Exercise in exact copying: restate word for word only the lines below from the one containing "Set/2 Vntg Pasabahce" through the one containing "Soft Smooth Yarn", omitting any pictures.

RECORD EXTRACTS.
##############################
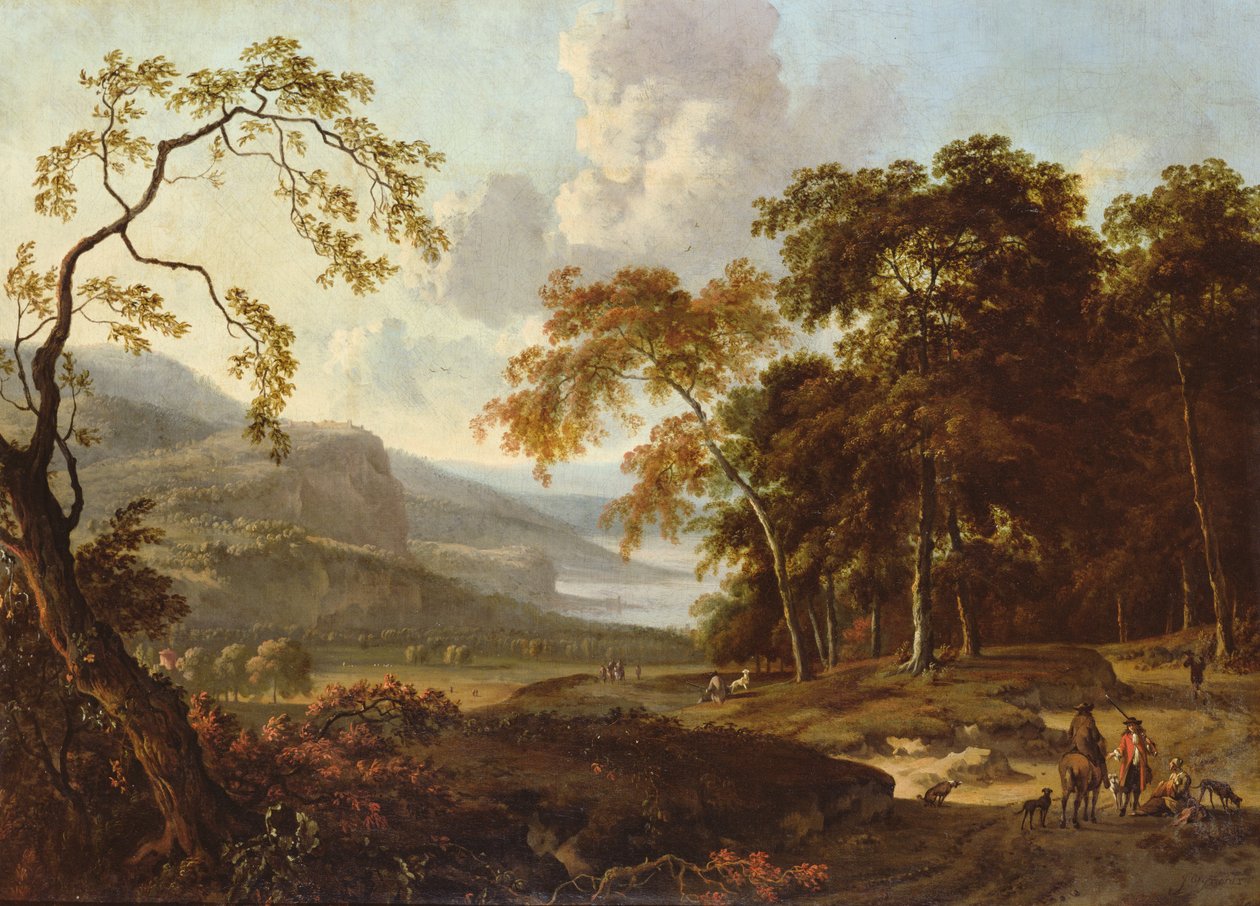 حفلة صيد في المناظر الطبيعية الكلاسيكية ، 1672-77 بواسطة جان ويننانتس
##############################
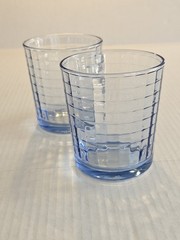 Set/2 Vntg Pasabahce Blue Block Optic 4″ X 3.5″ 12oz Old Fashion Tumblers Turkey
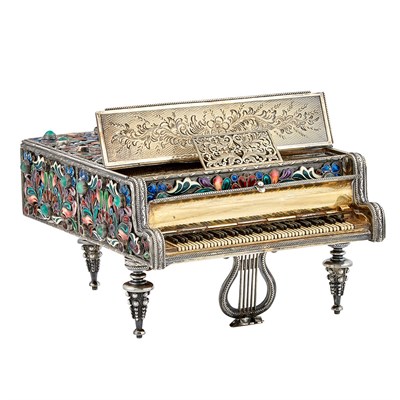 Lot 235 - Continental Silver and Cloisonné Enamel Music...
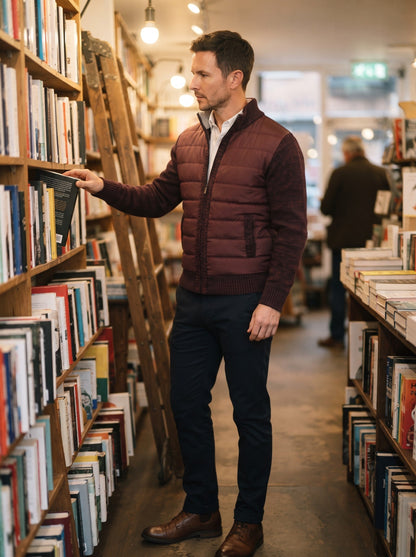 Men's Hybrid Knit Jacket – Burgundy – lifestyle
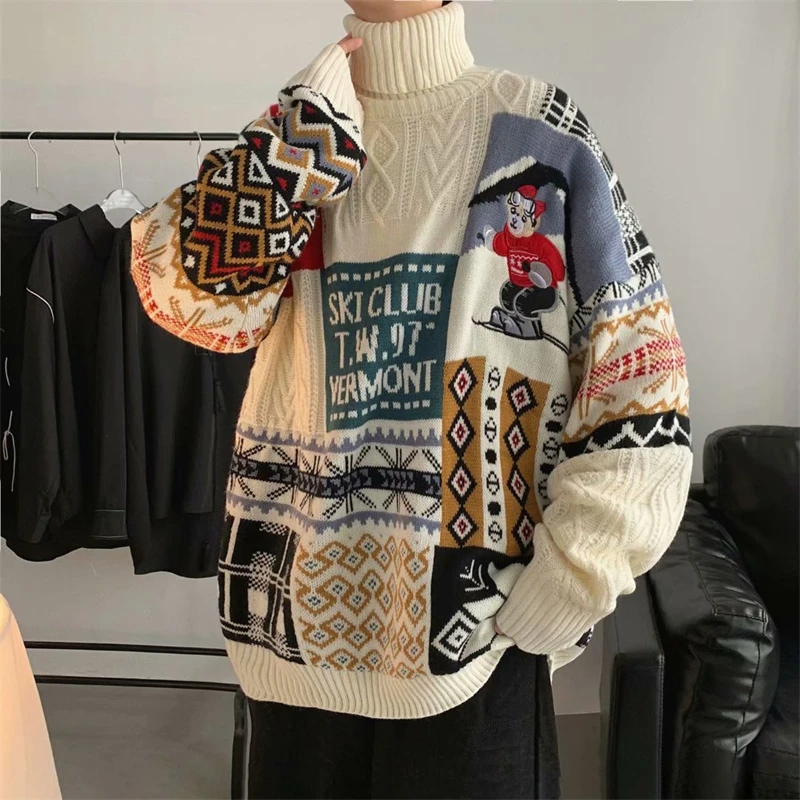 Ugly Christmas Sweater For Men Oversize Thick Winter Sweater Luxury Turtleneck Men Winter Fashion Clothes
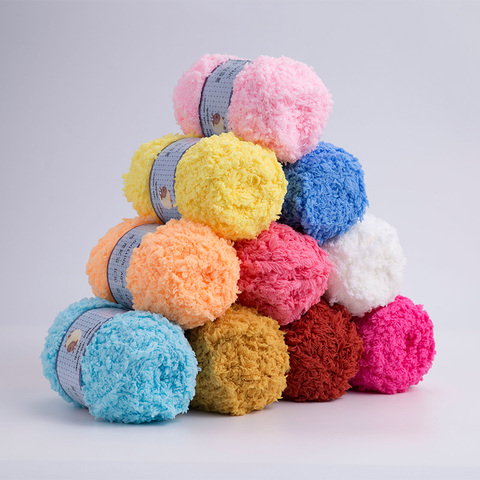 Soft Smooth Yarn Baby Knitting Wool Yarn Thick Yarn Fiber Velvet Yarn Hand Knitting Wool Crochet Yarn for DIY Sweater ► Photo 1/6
##############################
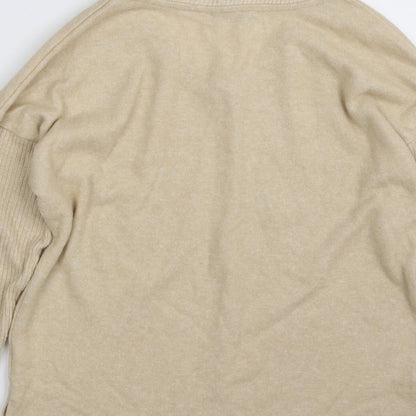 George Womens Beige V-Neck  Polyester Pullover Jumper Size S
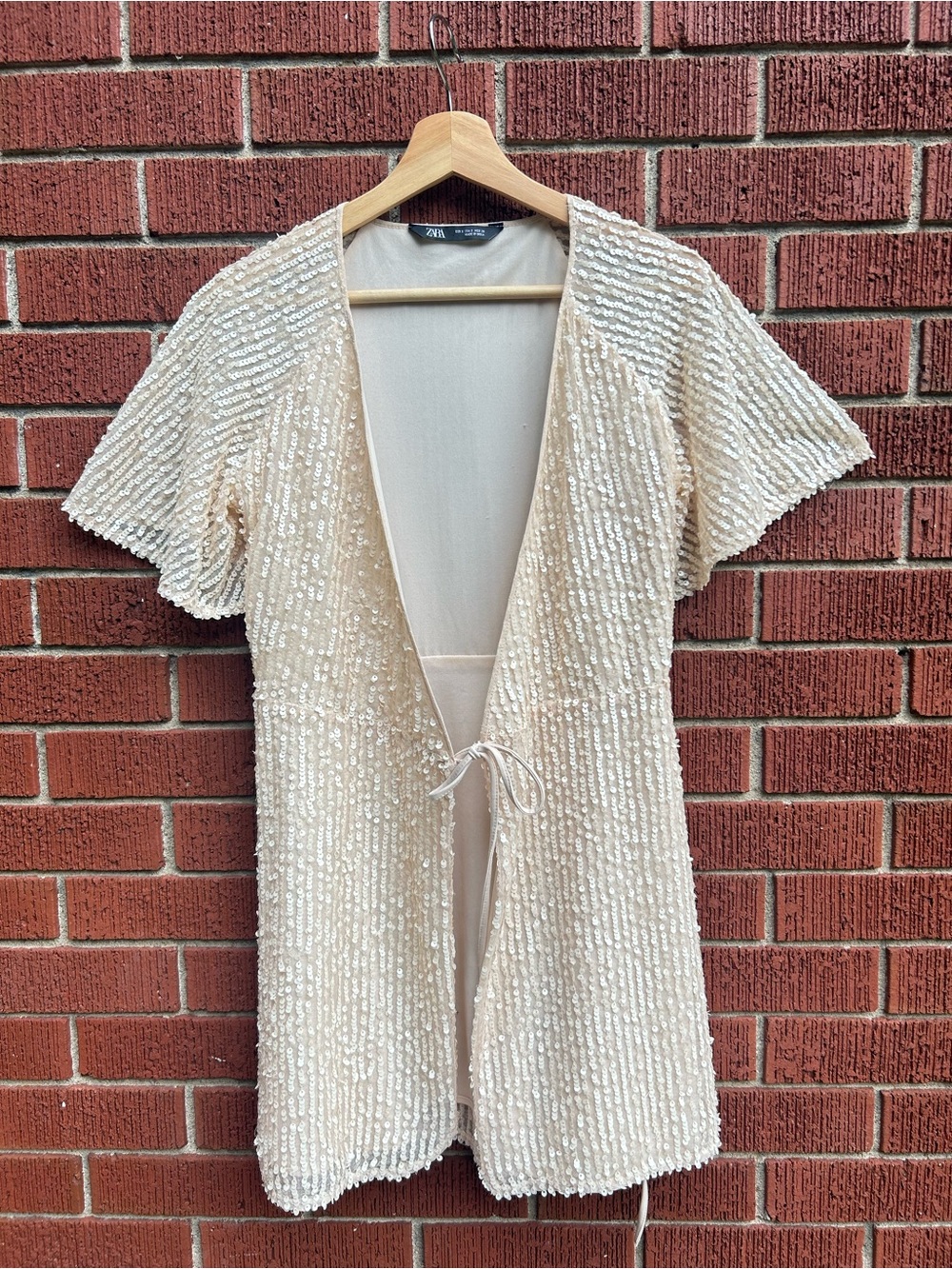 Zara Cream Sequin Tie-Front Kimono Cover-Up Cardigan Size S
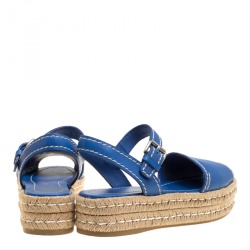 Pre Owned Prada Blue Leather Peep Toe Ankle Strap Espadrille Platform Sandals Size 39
##############################
REPLY TO THE TASK.
 Set/2 Vntg Pasabahce Blue Block Optic 4″ X 3.5″ 12oz Old Fashion Tumblers Turkey
 Lot 235 - Continental Silver and Cloisonné Enamel Music...
 Men's Hybrid Knit Jacket – Burgundy – lifestyle
 Ugly Christmas Sweater For Men Oversize Thick Winter Sweater Luxury Turtleneck Men Winter Fashion Clothes
 Soft Smooth Yarn Baby Knitting Wool Yarn Thick Yarn Fiber Velvet Yarn Hand Knitting Wool Crochet Yarn for DIY Sweater ► Photo 1/6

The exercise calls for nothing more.